Le cinéma cubain est à l’honneur ce mois-ci avec la ressortie en salle d’un joli classique. Dernier film de Tomás Gutiérrez Alea, Guantanamera est aussi sa seconde coréalisation avec Juan Carlos Tabío, un an après le succès de Fraise et chocolat (Ours d’argent de Berlin, 1994). Avec Guantanamera, les deux réalisateurs délaissent la capitale cubaine pour aller filmer le reste du pays dans une comédie-road-trip grinçante, à bord d’un corbillard fatigué.

Photo : Guantanamera

Suite au décès de la tante de son épouse, Adolfo trouve l’opportunité de mettre en pratique sa théorie bureaucratique : il accompagnera la défunte à sa dernière demeure. Une folle expédition qui lui fera traverser tout le pays, au rythme entraînant de la célèbre chanson «Guantanamera». La route sera longue, semée d’embûches et d’incroyables rencontres…

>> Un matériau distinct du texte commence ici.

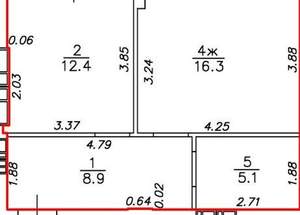 1-к квартира, на длительный срок, 43м2, 6/9 этаж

Dans un décor décrépi, le film démarre sur les échauffourées d’une réunion de bureaucrates autour d’une question à la fois fondamentale et si grotesque qu’elle pousse l’absurdité de la scène à la dérision : comment procéder au rapatriement et à l’enterrement des morts d’une région à l’autre du pays ? Avec ces quelques minutes, on pourrait penser que le film nous a présenté tout son objet : mise en lumière des coulisses d’un régime sclérosé qui ne pense qu’à faire des économies, mari en quête de pouvoir qui étouffe à ses côtés sa femme «faire-valoir», le tout teinté d’humour noir manié avec élégance. Tout est dit… enfin presque !

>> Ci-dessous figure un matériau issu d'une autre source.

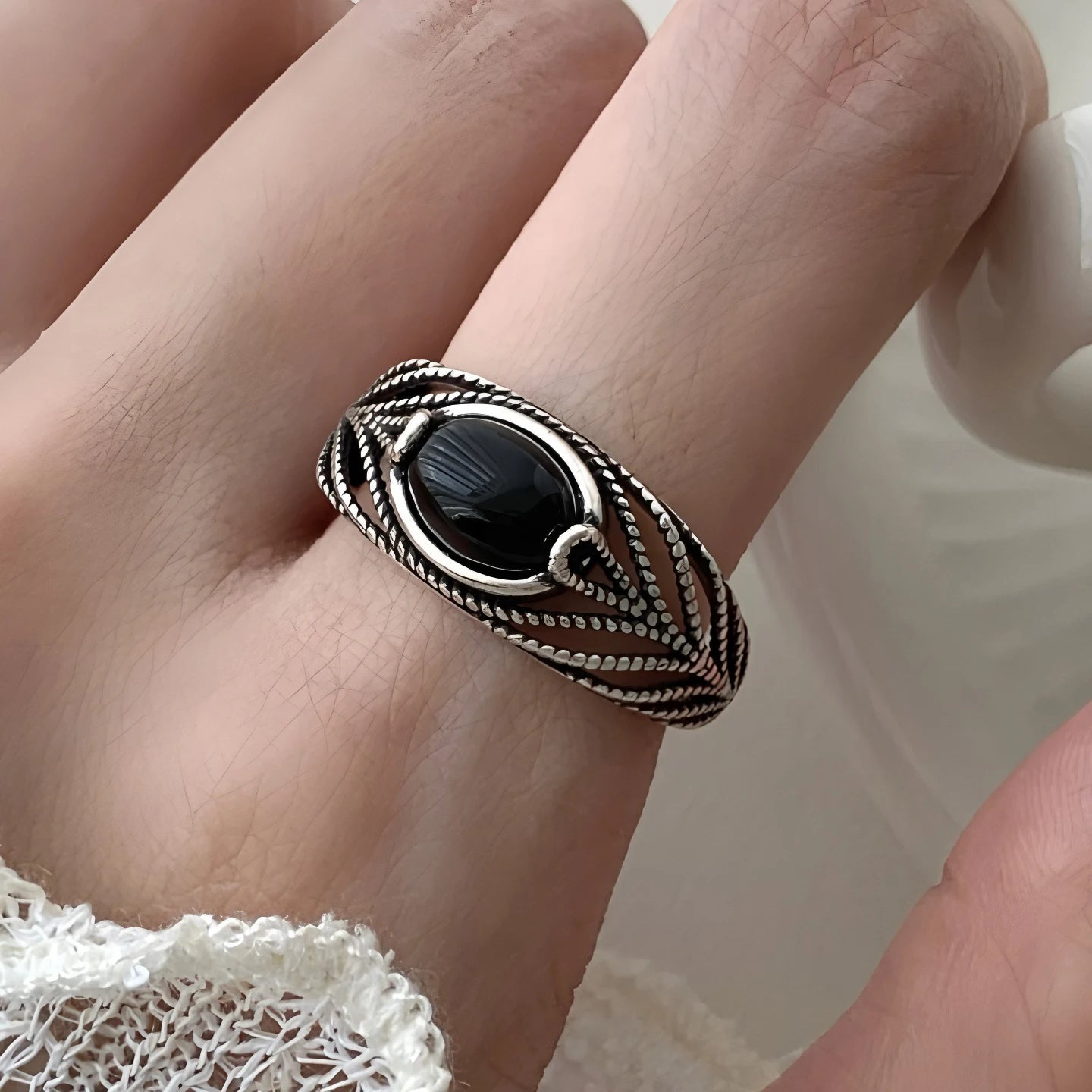 VENTFILLE 925 Sterling Silver Flower Lace Ring Korean Fashion Opening Inlaid CZ Adjustab detail view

Une fois la solution trouvée pour le rapatriement des défunts, tata Yoyita vient à mourir. Voici alors son amant de toujours, sa nièce et son mari embarqués sur les routes de Cuba, bien décidés à ramener le corps à la maison en appliquant la méthode nouvellement adoptée. Le film prend alors une autre ampleur en devenant un road-trip fascinant en territoire socialiste cubain. Les personnages se multiplient et les habitants nous partagent à l’écran leur quotidien. Dans le film, chacun y va de sa méthode pour survivre, de la vente de bananes au bord de la route au restaurant illégal. Et dans ce contexte où les plus malins survivent, ce ne sont pas les hommes du régime les mieux lotis…

La beauté du film réside aussi dans la mise en scène poétique des relations contrariées. Car de la mort de tata Yoyita jaillit des frustrations. Celle de son amant d’abord, le vieux Cándido, mais aussi de sa nièce Georgina, voluptueuse professeure au chômage qui retrouve foi en elle et en sa liberté grâce à l’amour que lui porte un de ses anciens étudiants rencontrés en cours de route. Tout au long du film se dessine ainsi une poésie de l’amour en visions fantastiques, en échanges tendres et parfois très (trop ?) sirupeux, qui contraste avec les frasques répétées, vaudevillesques bien qu’absurdement réalistes de l’amant de Georgina. Bref, un film à la légèreté jamais tragique où même les déboires politiques de Mariano le fonctionnaire ne font jamais tout à fait de lui un personnage tragique.

Guantanamera est une comédie agréable et douce qui vaut le coup d’être (re)découverte. Pour sa ressortie en salle, le film bénéficie d’une très jolie copie restaurée qui mérite qu’on s’y plonge pour profiter autant des paysages cubains que de la reprise de la guarija-son «Guantanamera» qui accompagne et chante le récit tout au long du film.